Aqui apresenta-se alguma informação sobre os valores, ações e número de pessoas envolvidas pelo coletivo Climáximo e, não havendo informação concreta nas páginas da GCE, sabe-se que também neste caso se trata de números elevados.
Assim, algumas dezenas de artistas visuais com práticas diferenciadas — da pintura à fotografia, passando pela escultura ou pela street art, entre outras — doam as suas obras para este evento, solidarizando-se tanto económica como simbolicamente com as ações destes coletivos.
As obras estarão fisicamente expostas e poderão ser apreciadas e licitadas ao longo da tarde, até à hora de fecho do evento.
“Quando a desigualdade se torna a norma e é tratada como um facto irreversível da vida económica, então as pessoas que sofrem com essa desigualdade agem em aliança, viabilizando e chamando a si a igualdade. Alguns podem refutar que a igualdade radical é impossível. Mesmo que tal fosse o caso — e não há qualquer boa razão para aceitar essa afirmação a priori — não seria possível pensar a democracia sem um ideal de igualdade radical.

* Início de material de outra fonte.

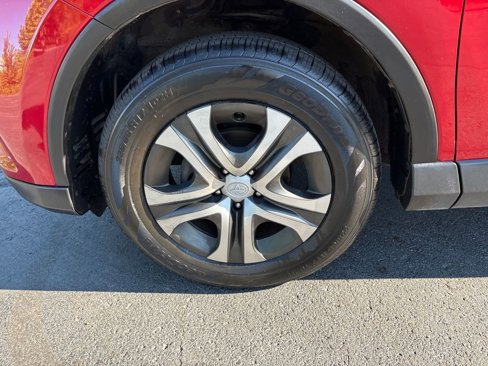 Used 2017 Toyota RAV4 LE image 25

Assim, a igualdade radical é uma exigência, mas não é dirigida às instituições que reproduzem a desigualdade. É dirigida às próprias pessoas, cuja função histórica é a criação de novas instituições. Esta chamada é para nós, e é este novo «nós» que se forma, episódica e globalmente, em cada ação e manifestação.
(…) Qualquer forma de política ganha ou perde legitimidade dependendo da capacidade de conferir igualdade às pessoas que afirma representar. Caso contrário, não representa — e como tal destrói a sua legitimidade aos olhos das pessoas.

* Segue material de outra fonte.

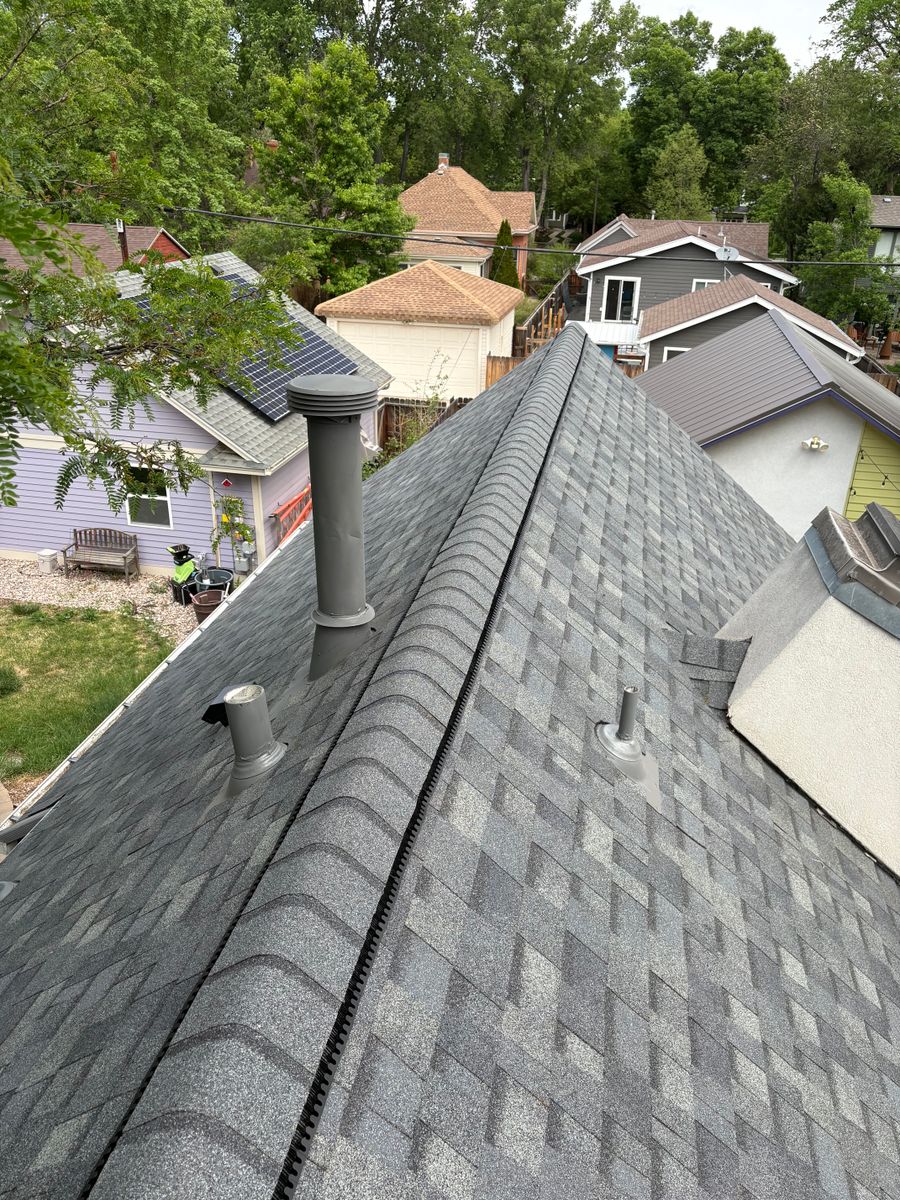 Roofing Replacement for Divine Roofing LLC in Severance, CO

Manifestando-se, agindo, as pessoas representam-se a elas próprias, incorporando e reanimando os princípios de igualdade que foram destruídos. Abandonados pelas instituições existentes, elas associam-se em nome de uma igualdade política e social, dando voz, corpo, movimento e visibilidade a uma ideia de “povo” que é regularmente dividida e apagada pelo poder existente.”